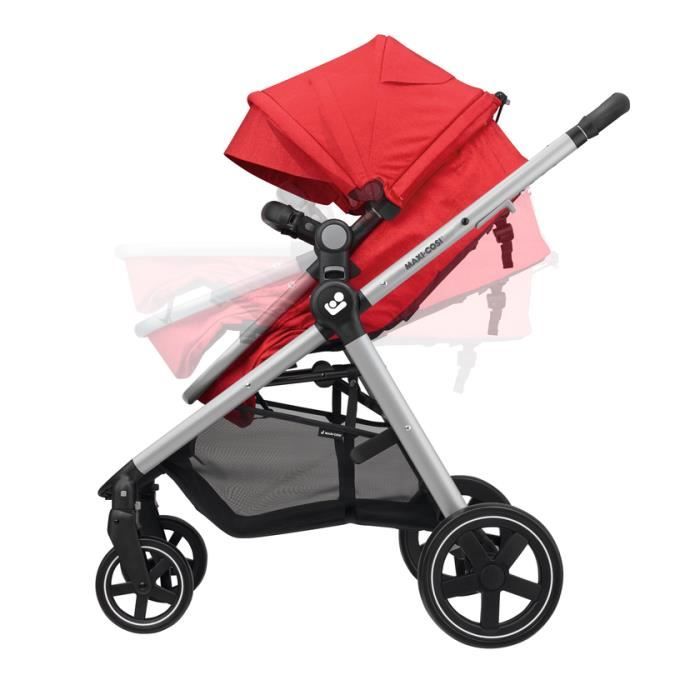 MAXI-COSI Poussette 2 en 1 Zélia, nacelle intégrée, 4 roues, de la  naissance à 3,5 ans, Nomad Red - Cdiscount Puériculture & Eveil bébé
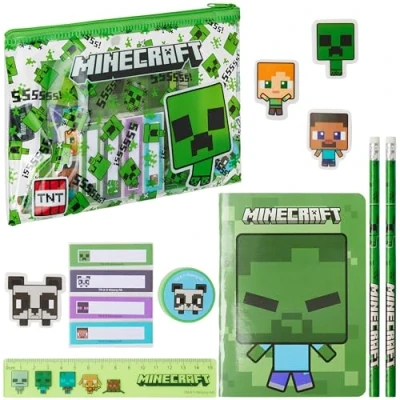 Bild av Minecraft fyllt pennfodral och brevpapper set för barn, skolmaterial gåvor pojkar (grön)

——

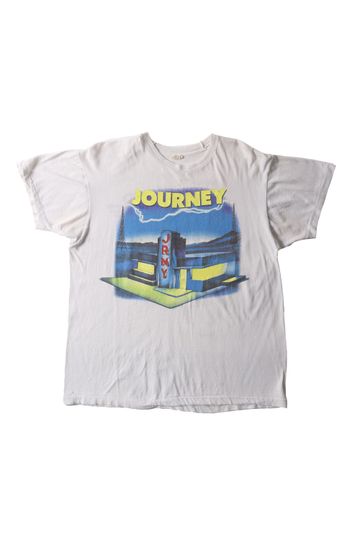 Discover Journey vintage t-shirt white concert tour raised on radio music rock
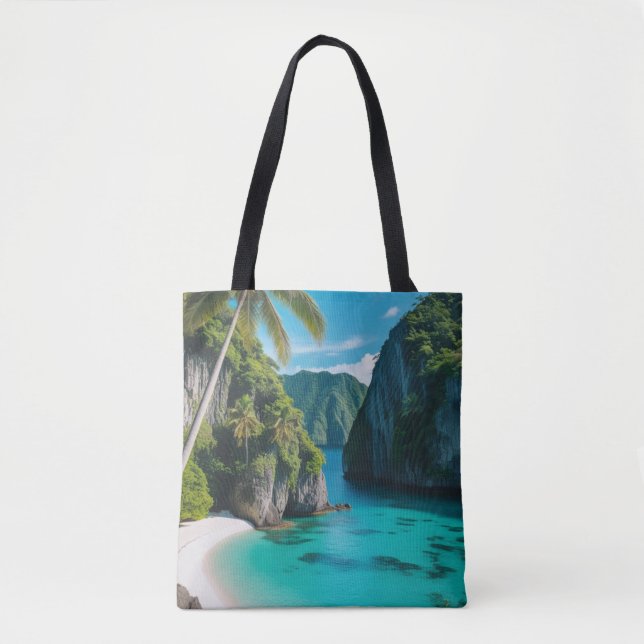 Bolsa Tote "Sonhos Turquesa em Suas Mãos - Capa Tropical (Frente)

——

• **Problem statement**: What's needed is an exact copy of the lines above from the one with "MAXI-COSI Poussette 2" through the one with "Bild av Minecraft", both included; the pictures stay out.

• **Answer space**:
 MAXI-COSI Poussette 2 en 1 Zélia, nacelle intégrée, 4 roues, de la  naissance à 3,5 ans, Nomad Red - Cdiscount Puériculture & Eveil bébé
 Bild av Minecraft fyllt pennfodral och brevpapper set för barn, skolmaterial gåvor pojkar (grön)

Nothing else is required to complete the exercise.